Technically speaking, we see a good chance for TSLA to get a lot of support here, around the 160s, where both the Sept. 1, 2020, high and the past year’s downtrend channel intersect.
Thing is, even if the bleeding (bearish path) stops it doesn’t necessarily mean that a recovery (bullish path) is about to start.
Analysts – most of whom have been uber bullish on the stock for many years – have become way more hesitant this year, with the consensus price target steadily moving down.
Nevertheless, in recent months we see some stabilization, with the average price target hovering around the 280-300 area, +/-10.
The most recent rating/price target changes have been positive.
Citi upgraded TSLA from “Sell” to “Neutral” as, just like us, they believe that the major pullback “has balanced out the near-term risk/reward.”
They mentioned the (now reasonable) multiple of ~30x (based on estimated EPS for 2023), expectations for better profitability starting about two years from now, and the company’s competitiveness that has likely improved.
Having said all of that, Citi has set its new price target for TSLA at only $176, suggesting very little upside for the stock from here.
Meanwhile, Wedbush Securities’ analyst Dan Ives sees 430K-450K vehicle deliveries this quarter to support his $250 price target, giving the stock an upside of over 47%.
With Tesla approaching the price target of $150 as per his “bear case” scenario, Morgan Stanley’s analyst Adam Jonas is now seeing an opportunity to buy TSLA at “a bargain price.”
Jonas reiterated a price target of $330, reflecting a near-doubling upside potential for the stock.
Finally, as per Seeking Alpha, “Tesla ranks third in quant scores across electric vehicle stocks.

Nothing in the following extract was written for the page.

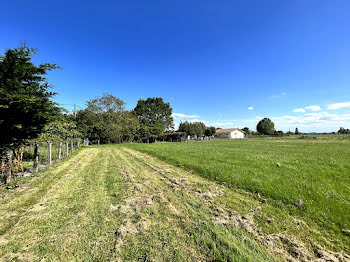 terrain à Blaye (33)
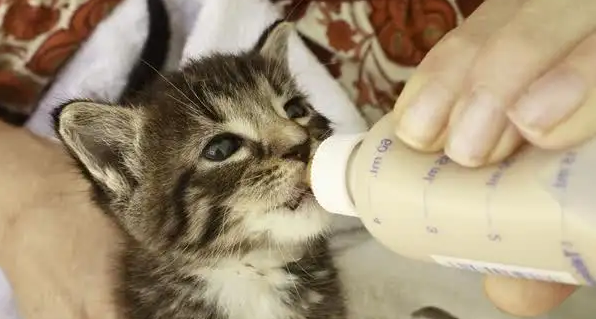 刚出生小猫可以喝羊奶粉吗 刚出生小猫可以喝羊奶粉吗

The Austin-based automaker has extremely high marks for profitability and growth in comparison to smaller EV players, although the momentum and valuation grades are still lagging.”
We side with Citi on this one, rating TSLA “neutral” right now.
Although we believe there’s limited downside risk from here, we don’t see much of an upside either. As a matter of fact, when we weigh everything in, even now we still can’t say (with a high enough degree of certainty) that the upside potential is greater than the downside risk.
In order for us to be bullish on a stock – any stock, not just TSLA – we need to have that “high-enough degree of certainty.” That’s true at any given time, especially when more and more (economic) clouds are darkening in the (global) skies.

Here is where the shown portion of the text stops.